5 reasons why you need to add Yogyakarta to your bucket list now
Yogyakarta is surprising in so many different ways. Yes, it’s an Indonesian city with all its perks and downfalls. Terrible traffic, for starters. Narrow roads that make navigation difficult and confusing. Hot and dusty at all times. Challenging in so many ways.
But there is also a hip vibe to Yogyakarta. The coffee shop and cafés are legendary and there is no reason why they would have to hide behind places like New York and Sydney. Contemporary, cool and sophisticated. They can be found all around the city centre, and if you would like to check out the very best, have a look at this Tripadvisor list.
As you might have guessed, Yogyakarta’s city life is young and contemporary. Street art is just another way how this is expressed. Taman Sari district is the best place to find some wonderful examples, but truth be told Yogyakarta’s artistic side is evident everywhere, from stylish old-fashioned lampposts to simple houses with colourful murals in the most random places to beautiful bird cages hanging from eaves and purpose-built poles – this city really is a feast for the eyes.
But there is also a traditional side to the city that cannot be overlooked. People have called the area home for hundreds and thousands of years, and there is a curious mix of Hindu, Muslim and European influences.
A visit to Yogyakarta can be as exciting as you want it to be, from rural escapes to witnessing the sunrise on one of the most spectacular UNESCO Heritage sites, to adventurous jeep safaris on top of a volcano, this city has so much to offer, it is hard to ignore its temptations.
I spent a couple of days recently in Yogyakarta at a famil that was part of the Ministry of Tourism’s push to send the message of Wonderful Indonesia out into this world. Let me share with you my experiences in an effort to encourage you to go beyond ‘Bali’ to discover just one of the many different faces of Indonesia.
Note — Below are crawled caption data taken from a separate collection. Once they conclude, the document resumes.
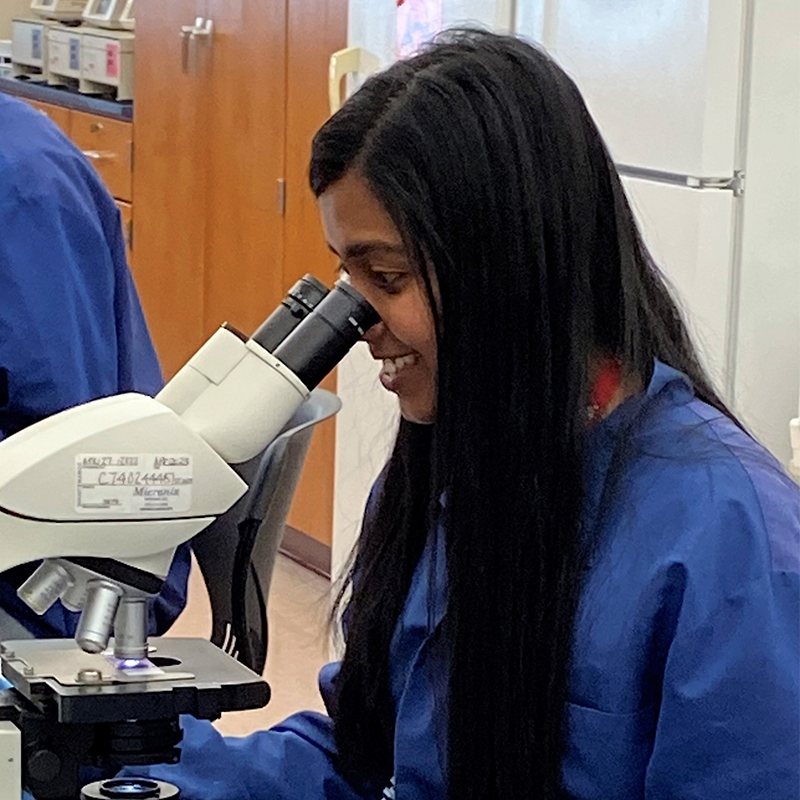 A female student looing into a microscope.
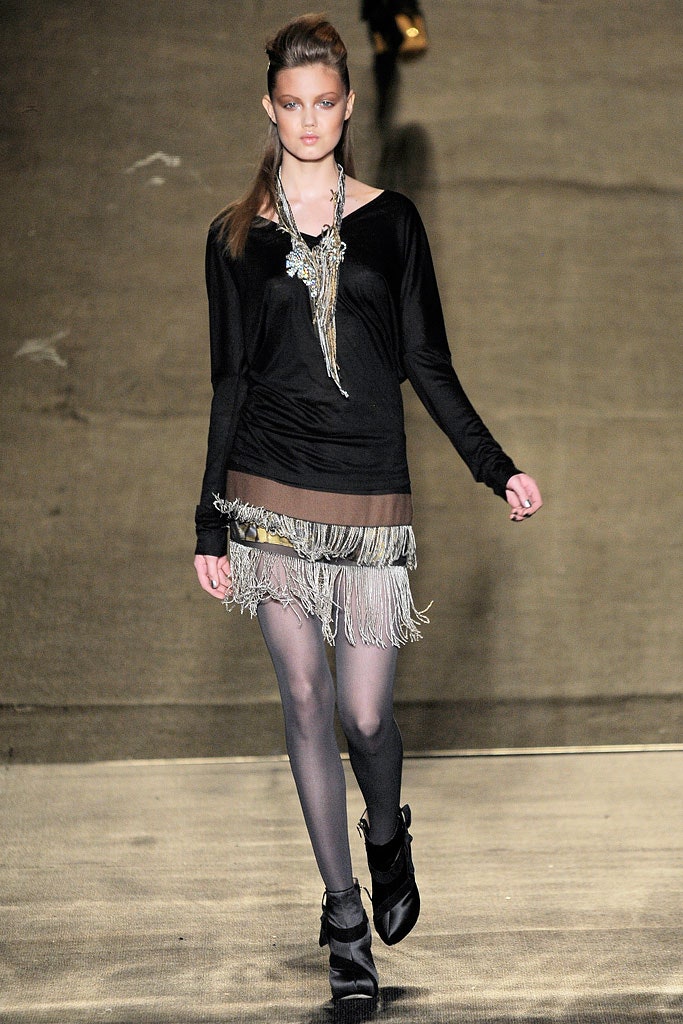 black fitted top with fringed gray mini skirt
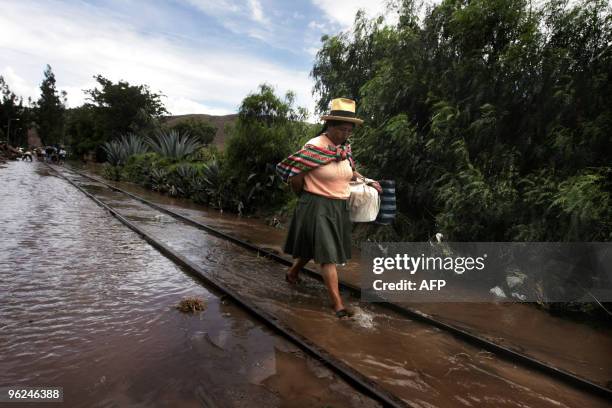 An Andean woman walks along the railway tracks flooded by the Vilcanota river in the village of Urubamba, near the Machu Picchu archaeological site...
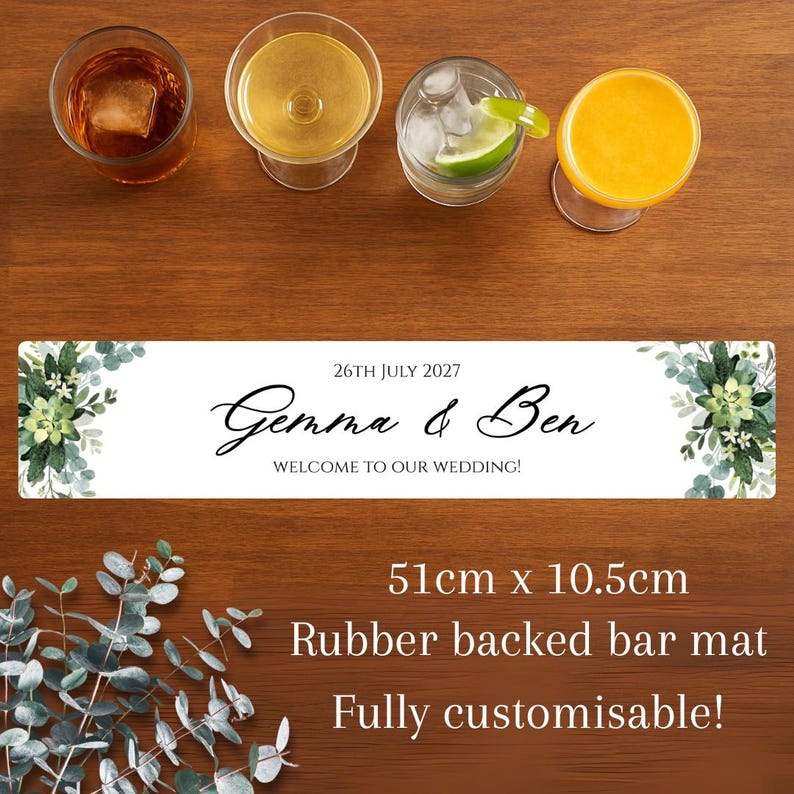 K&ouml;nnte beinhalten: Eine Holzbar mit vier Cocktails und einer rechteckigen Bartmatte. Die Bartmatte ist wei&szlig; mit dem Text "Gemma & Ben" und "WELCOME TO OUR WEDDING!". Die Matte misst 51 cm x 10,5 cm.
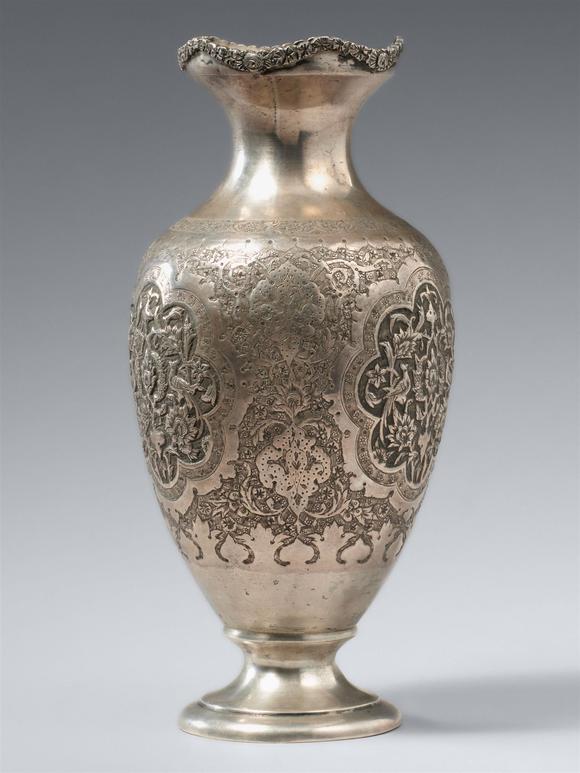 Kunsthaus Lempertz KGAn Persian ornate silver repoussé vase. Probably 19th century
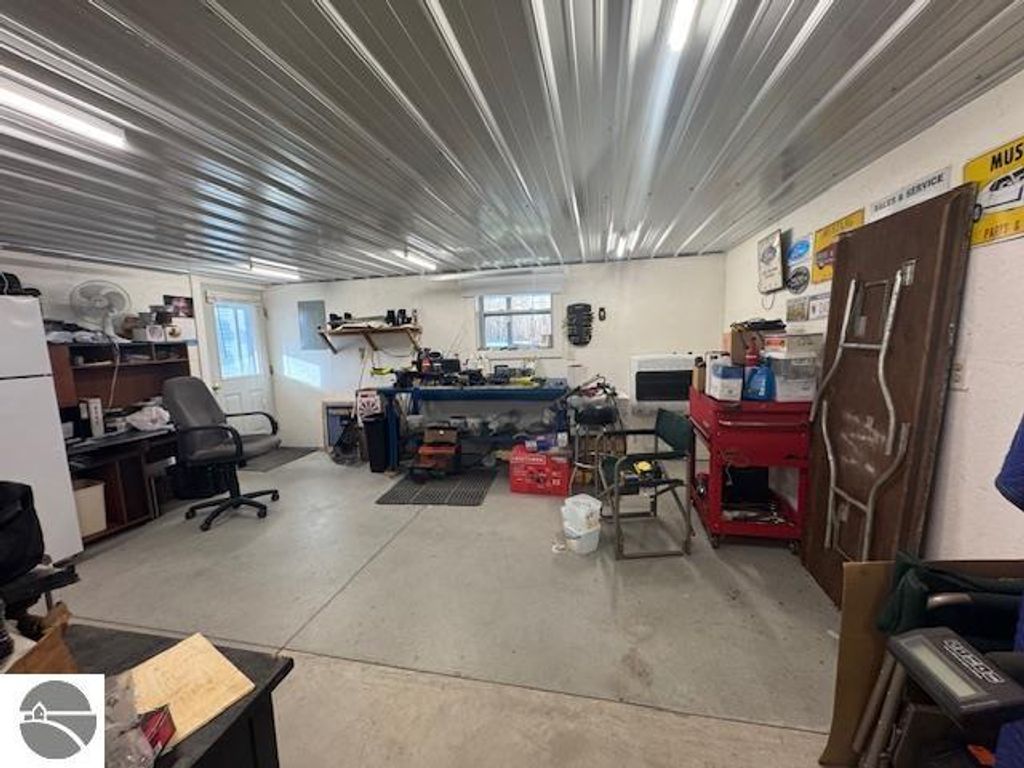 Interior of a spacious pole barn garage featuring a workbench, tools, and storage areas, highlighting a well-maintained space suitable for automotive work and hobbies.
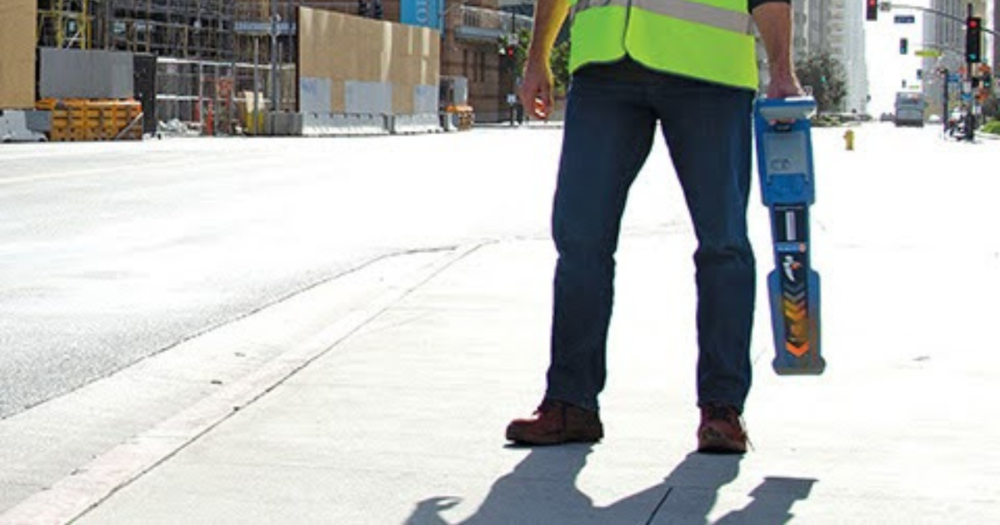 A man using a magnetic locator on the sidewalk for a construction project.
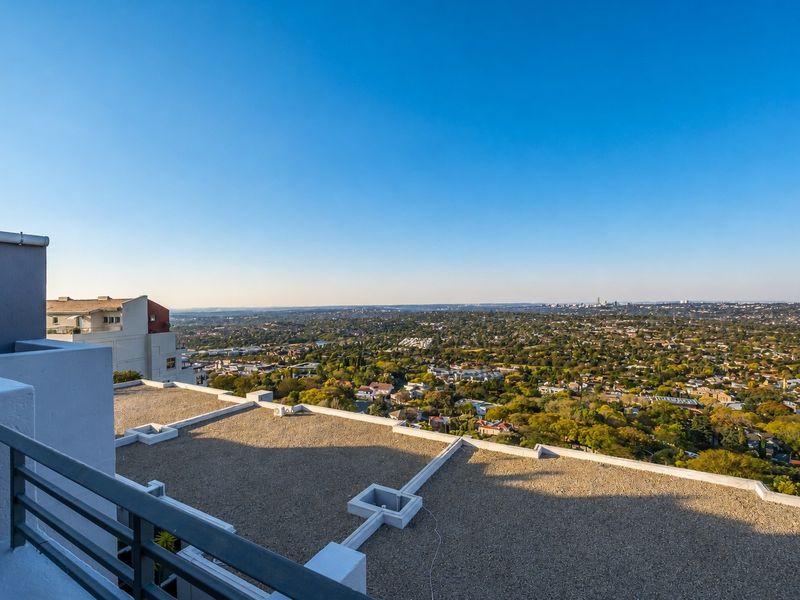 Elevated panoramic view overlooking the surrounding suburban landscape and cityscape from an apartment balcony.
Let me give you 5 reasons why Yogyakarta is well worth a visit. Warning: This is a very long post with a lot of pictures, so take your time!
How to get to Yogyakarta
From Bali or Jakarta catch one of the many daily flights. We flew Garuda Indonesia and were very happy with the experience.
How to get around
Walk the streets and take in the sights at a leisurely pace. Beware though: it does get very hot and humid during the course of the day.
For longer distances, grab a taxi which you can order at reception. If you would like to enjoy a fun way of getting around, try the becak (traditional pedal powered rides – be prepared for lots of locals cheering and waving on your way as you ride), or hop into a andong (horse drawn cart).
Tip: Illuminated pedal cars at Alun-Alun Selatan, close to the Sultan’s Palace are a fun way to get around – kids will love it!
Where to stay in Yogyakarta
We stayed at Greenhost Boutique Hotel Prawirotaman, one of the many surprises that we encountered during our stay in Yogyakarta. Greenhost is an eco-friendly boutique hotel with hydroponic plants in the main atrium and a vegetable garden on the roof top. Lots of recycled materials, water saving features and energy saving measures make this a guilt-free stay right in the heart of Yogyakarta.
It’s a cool and funky hotel, young and fresh, with excellent breakfast and a fantastic rooftop cafe/bar/restaurant. Highly recommended.
For more info, follow this link to Greenhost Boutique Hotel Yogyakarta. (Disclaimer: if you book via this link, powered by Booking.com, a small commission will come my way which will help support this blog. It is much, much appreciated, many thanks!)
Visit a volcano
Everybody knows that Indonesia is a country of fire. The many regular eruptions cause havoc with scheduled flights from Bali, but there is of course far worse tragedy attached to events like this. The Mount Merapi volcano 28km north of Yogyakarta is one of the most active volcanos in Indonesia. Eruptions occur every two to three years, with major events happening every ten to fifteen years. This is pretty impressive, to say the least.
The last two big eruptions occurred in 2006 and 2010 respectively, resulting in the government declaring large parts of the slope a danger zone and turning many formerly densely populated areas into a wasteland.
In short, Merapi is a dangerous volcano. During the last eruption more than 320 people were killed, mostly because they had refused to follow government orders to evacuate in time or because they returned to their houses to care for livestock and to protect their possessions. It’s a a very tragic place, with the recent history leaving many people deeply traumatised. Thousands of locals were displaced as a result of the eruptions.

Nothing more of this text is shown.